╔══
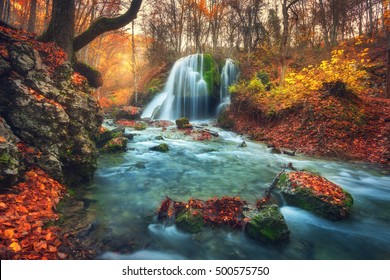 Autumn forest with waterfall at mountain river at sunset. Colorful landscape with trees, stones, waterfall and vibrant red and orange foliage. Nature background. Fall woods. Beautiful blurred water - Powered by Shutterstock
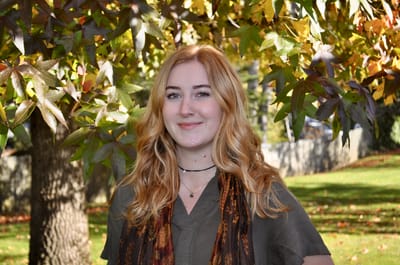 A staff member smiling outside in a garden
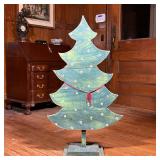 PAINTED WOOD CHRISTMAS TREE  |  Signed on the back, "Sun Garden" - w. 26.5 x h. 47.5 in.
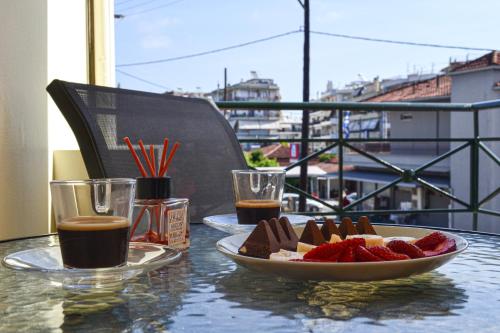 a table with a plate of food and a plate of strawberries at Casa Dio in Preveza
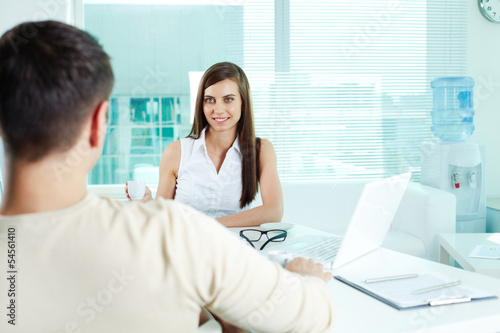 Photo: Secretary looking at boss Secretary looking at boss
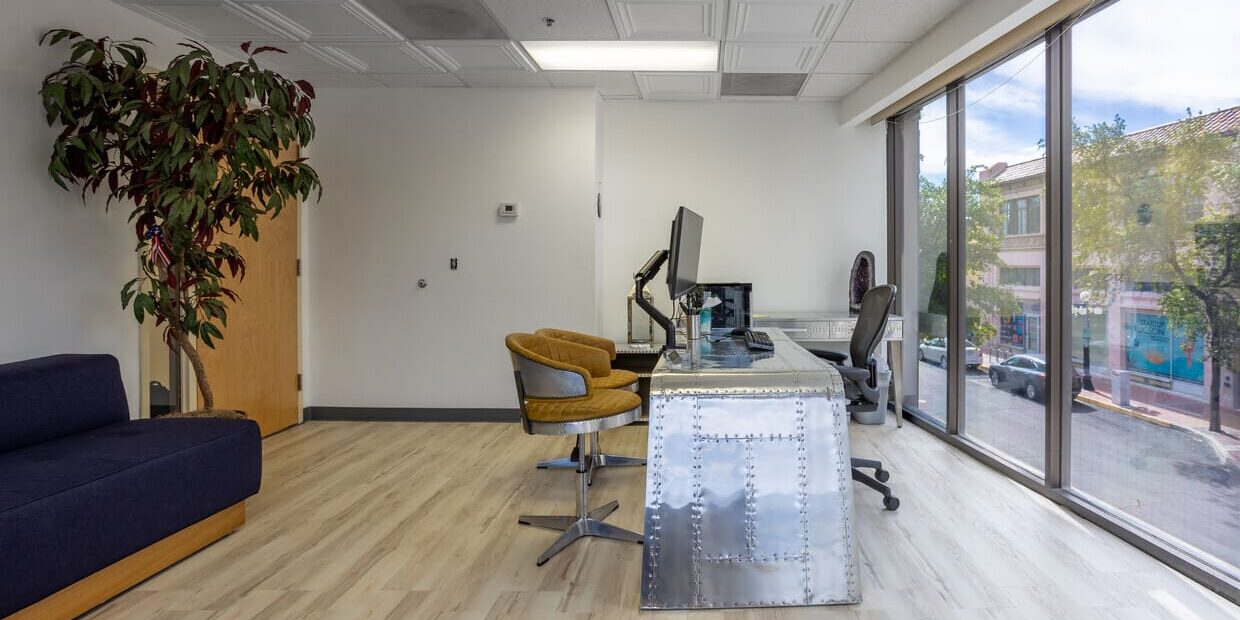 A room with a desk and chairs in it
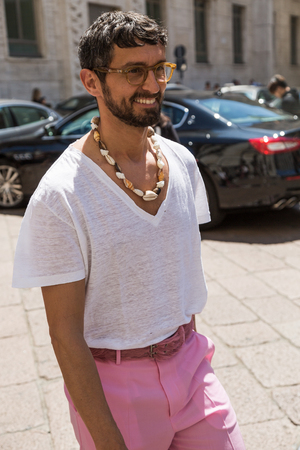 MILAN, ITALY - JUNE 18: Fashionable man poses outside Ferragamo fashion show during Milan Men's Fashion Week on JUNE 18, 2017 in Milan.のeditorial素材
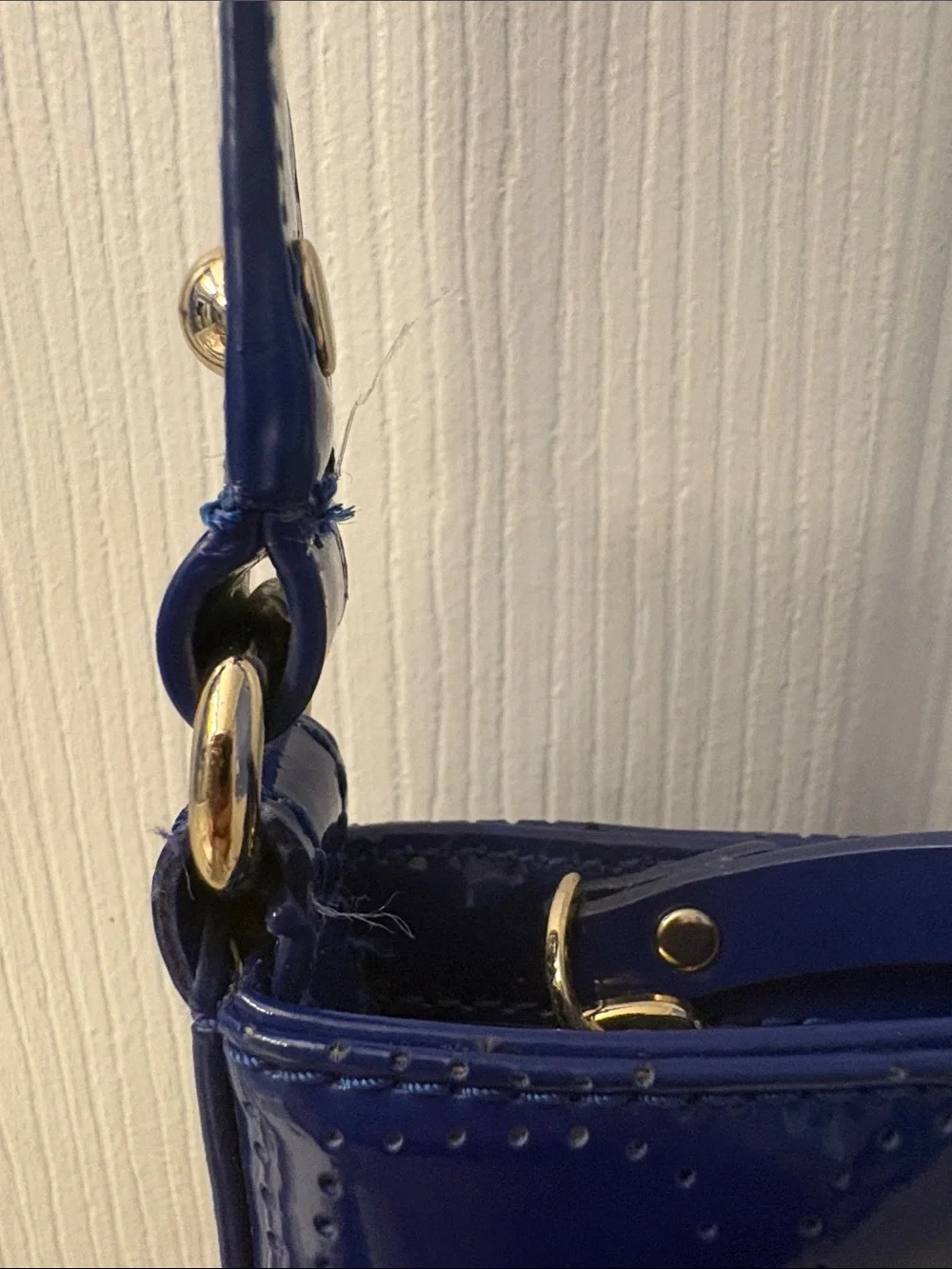 Kate Spade heart perforated patent leather crossbody in cobalt blue.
╚══
Repeat the listing above up to and including the line with "a table with", starting from its first line. Drop any pictures.

— SOLUTION TO THIS TASK —
 Autumn forest with waterfall at mountain river at sunset. Colorful landscape with trees, stones, waterfall and vibrant red and orange foliage. Nature background. Fall woods. Beautiful blurred water - Powered by Shutterstock
 A staff member smiling outside in a garden
 PAINTED WOOD CHRISTMAS TREE  |  Signed on the back, "Sun Garden" - w. 26.5 x h. 47.5 in.
 a table with a plate of food and a plate of strawberries at Casa Dio in Preveza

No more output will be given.